To solve this problem, I have spent as much time in the lab as I can get travel budget approval for, and I try to take members of my team with me whenever I can. There is no substitute for seeing your software in use, and for seeing the problems that are either not being solved by your system, or worse, being caused by it. These are things that you absolutely must observe for yourself to understand. A conference call will not convey the information well enough. The bandwidth of face-to-face, in the moment discussions simply cannot always be replaced. Further, when you are physically separated from your customer at all times, you will never hear about certain problems that you could easily solve.
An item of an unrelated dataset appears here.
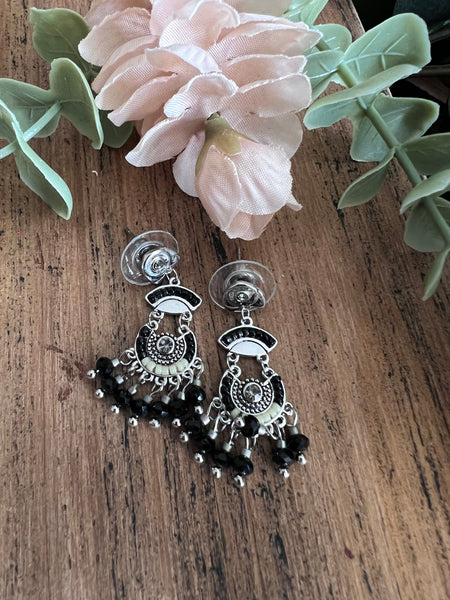 Boucles oreilles boho bohèmes noirs Comme un ange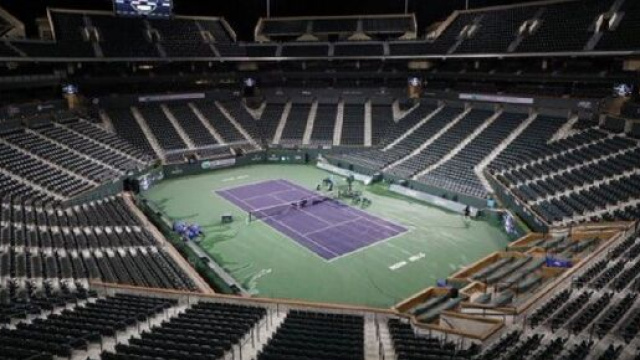 L'emergenza sanitaria ferma anche il tennis per 6 settimane.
Users are notorious for creating manual workflows to reduce friction in the software they are forced to use. To the developer, it may seem like doing excel or paper processes are high-friction, but we aren't seeing these manual processes from the same perspective as those who created them. Only by walking around, seeing excel spreadsheets or post-it notes in use, and seeking to understand the reason they are being used, and the problem they solve, will you be able to gather enough information to properly create a software solution to this problem.

This past week I took one of my newer developers and a business analyst to the lab. The agenda was "walk around, talk to everyone you see, and ask a question every time you see anything but our software capturing data". From this, in just four days, we have come back with several months worth of work that we just wouldn't have known about, ever.

Another benefit of going to see for yourself is gaining not only an understanding of what your users do, but also an appreciation for the work they do. It's all too easy to become isolated behind the code window and respond to a feature request that on the surface seems stupid or trivial, and dismiss the user as "stupid". But when you go and see for yourself, and see that your users have a mountain of work in front of them that doesn't involve a computer, and are barely able to complete that work in a given day, you can understand better the friction your software and user experience choices causes every day. When your software causes friction, users will find a way not to use it. And when you don't respond to this friction because you feel it is trivial, you lose the trust relationship with your users that you need to operate effectively.

The moral of the story is that you cannot develop software in a vacuum. You must go and see for yourself. And if you can't do that, then you need a proxy to do so. The more layers of abstraction you put between you and the user the less valuable your software will be, so bridge that gap with as many straight paths as possible and seek to understand the production floor and then you will be better positioned to create quality.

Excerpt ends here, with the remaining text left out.